There is a vendetta wrinkle to this story, too. A few months back, a comment written by the publisher of a competing magazine caught my eye. In his column, he claimed to have "more horsepower in [his staff] parking lot than any of [his] competitors combined." He essentially proclaimed his team as the horsepower kings of the import magazine world. Personally, I don't think they "D-serve" that title (pun intended).
This was the plan: Take a motor that is already making 696 wheel hp, use the biggest jets the kit came with (.052 to be exact), and grab for the unit at about 7500rpm just to make sure we get a big power number whether or not the motor holds together.
Trust me, we had no intentions of keeping this motor together. The connecting rods in this setup were rated for about 100 wheel hp less than we were already making off the bottle. There is always a weakest link.
With more than 30 people there to witness the mayhem, the night turned into a huge event. A pool was even drawn to bet on the final power number, with side bets about whether the motor would hold, or which cylinder would throw a rod. Don't let the feds know, but we probably had a few hundred dollars up for grabs that night. (Do-it is a dyno shop; it's only an illegal gambling ring after hours, right Bubba?)
After a fun night full of everything that made us car guys in the first place, the motor threw a rod through the number 2 cylinder, but not before making an extraordinary 832.5 wheel hp and 529.5 lb-ft of torque.
Our "parking lot" may only contain an unprecedented N/A, pump gas, emissions passing, 311 wheel hp, 222 lb-ft DC5; a 312 wheel hp supercharged S2K; a 200-plus wheel hp Type-R EG; and an EK racecar that has anywhere from 150 to 450 wheel hp depending on the day. But we blow up an 800 wheel hp B-series for fun. Last time I checked, a certain sharp-tongued publisher wouldn't dare blow up his 5,000,000 hp Skyline in the name of a fun night and a story that is more pertinent (and entertaining) than bolting some obscure JDM intake manifold on an RB26 that none of his readers will ever have anyway.
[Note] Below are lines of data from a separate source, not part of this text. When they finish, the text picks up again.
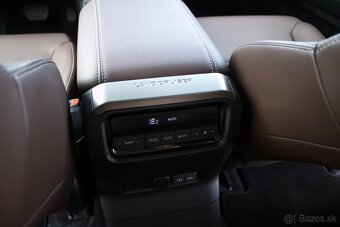 Toyota Land Cruiser 2.8 D-4D 204k Invincible A/T 4x4 - 18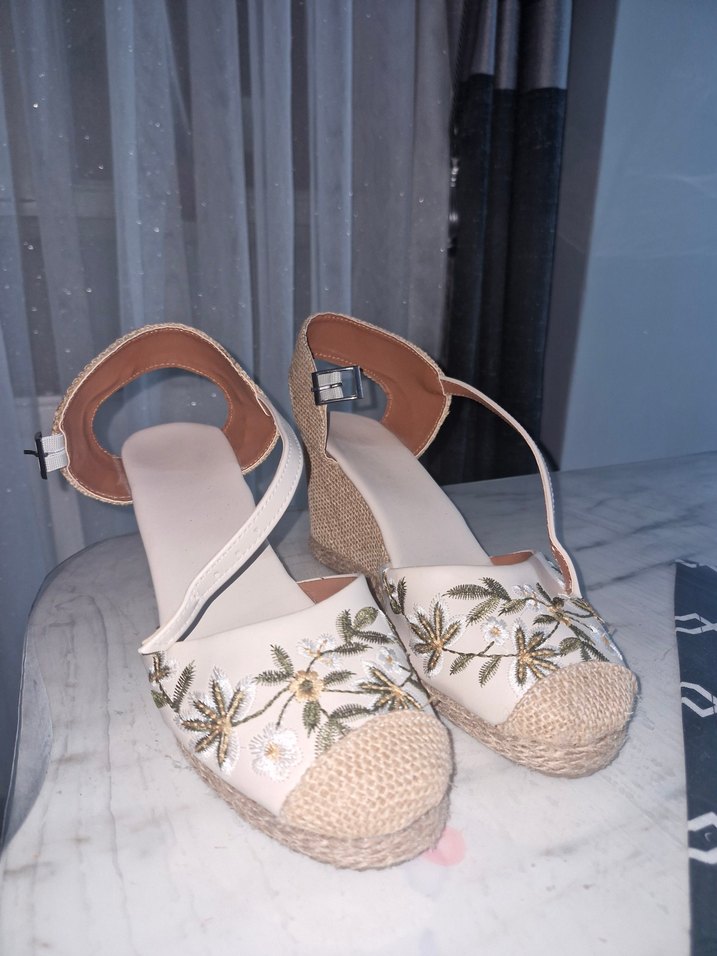 Bej Nakışlı Kadın Dolgu Topuklu Sandalet - Görsel 3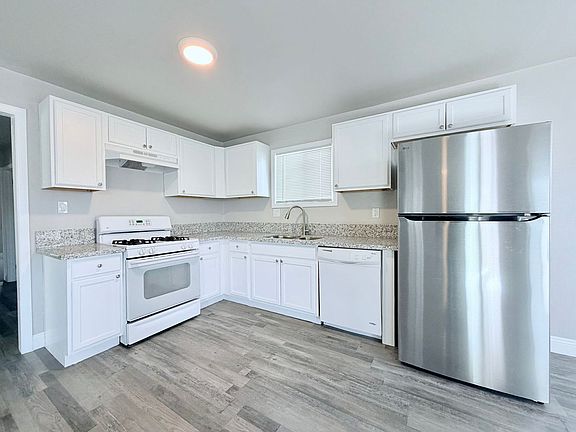 5th image of 430 W Wilson Ave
While we believe wholeheartedly that it is unprofessional to rip on competitors in print, we are not the kind of people who will just stick our heads in the sand while shots are being fired at us. Honda Tuning is the most passionate, unadulterated, true-to-life magazine covering the scene today. The competition can, and will, keep saying otherwise. We'll continue to prove them wrong.